Show that the gravitational potential $\mathit{V}\mathbf{=}\mathbf{-}\frac{\mathbf{G}\mathbf{m}}{\mathbf{r}}$satisfies Laplace's equation, that is, show that ${\mathbf{\nabla }}^{\mathbf{2}}\mathbf{\left(}\raisebox{1ex}{$\mathbf{1}$}\!\left/ \!\raisebox{-1ex}{$\mathbf{r}$}\right.\mathbf{\right)}\mathbf{=}\mathbf{0}$where${\mathit{r}}^{\mathbf{2}}\mathbf{=}{\mathit{x}}^{\mathbf{2}}\mathbf{+}{\mathit{y}}^{\mathbf{2}}\mathbf{+}{\mathit{z}}^{\mathbf{2}}\mathbf{,}\mathit{r}\mathbf{\ne }\mathbf{0}$.
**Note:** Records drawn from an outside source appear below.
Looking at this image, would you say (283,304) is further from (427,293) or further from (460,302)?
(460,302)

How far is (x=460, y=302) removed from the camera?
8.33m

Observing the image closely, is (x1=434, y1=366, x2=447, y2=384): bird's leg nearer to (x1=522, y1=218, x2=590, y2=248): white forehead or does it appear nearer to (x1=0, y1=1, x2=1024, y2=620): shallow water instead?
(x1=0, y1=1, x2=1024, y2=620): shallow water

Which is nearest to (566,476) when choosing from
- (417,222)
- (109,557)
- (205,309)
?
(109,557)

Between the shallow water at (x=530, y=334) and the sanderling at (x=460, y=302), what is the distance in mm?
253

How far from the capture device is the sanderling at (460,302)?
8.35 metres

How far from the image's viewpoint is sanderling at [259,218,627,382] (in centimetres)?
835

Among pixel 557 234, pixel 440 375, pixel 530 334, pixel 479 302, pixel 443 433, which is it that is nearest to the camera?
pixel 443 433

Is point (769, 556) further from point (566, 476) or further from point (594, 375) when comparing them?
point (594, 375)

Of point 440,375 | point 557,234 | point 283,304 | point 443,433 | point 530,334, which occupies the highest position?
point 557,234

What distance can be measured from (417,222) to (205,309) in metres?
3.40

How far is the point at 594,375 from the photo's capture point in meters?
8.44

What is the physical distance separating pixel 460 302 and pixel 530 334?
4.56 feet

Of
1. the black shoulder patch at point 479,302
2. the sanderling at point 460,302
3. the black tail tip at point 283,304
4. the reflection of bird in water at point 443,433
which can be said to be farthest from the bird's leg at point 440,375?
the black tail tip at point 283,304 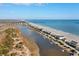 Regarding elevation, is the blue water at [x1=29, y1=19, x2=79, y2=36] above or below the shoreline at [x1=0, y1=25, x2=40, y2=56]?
above

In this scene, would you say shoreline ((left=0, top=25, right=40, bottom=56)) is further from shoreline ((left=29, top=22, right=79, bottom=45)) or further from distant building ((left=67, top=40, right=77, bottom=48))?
distant building ((left=67, top=40, right=77, bottom=48))

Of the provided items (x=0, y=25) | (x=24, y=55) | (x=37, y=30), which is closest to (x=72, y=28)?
(x=37, y=30)

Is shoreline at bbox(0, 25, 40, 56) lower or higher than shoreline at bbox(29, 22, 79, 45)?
lower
The given equations are as follows.

$\begin{array}{l}{r}^2=x^2+y^2+z^2\\ {\nabla }^2=\frac{{\partial }^2}{\partial x^2}+\frac{{\partial }^2}{\partial y^2}+\frac{{\partial }^2}{\partial z^2}\end{array}$

The total of the second-order partial derivatives of R , the unknown function, with respect to the Cartesian coordinates, according to Laplace's equation, equals zero.

Put given values in equation${\nabla }^2\left(\frac{1}{r}\right)=0$.

${\nabla }^2\left(\frac{1}{r}\right)=(\frac{{\partial }^2}{\partial x^2}+\frac{{\partial }^2}{\partial y^2}+\frac{{\partial }^2}{\partial z^2})\left(\frac{1}{\sqrt{x^2+y^2+z^2}}\right)$ …….(1)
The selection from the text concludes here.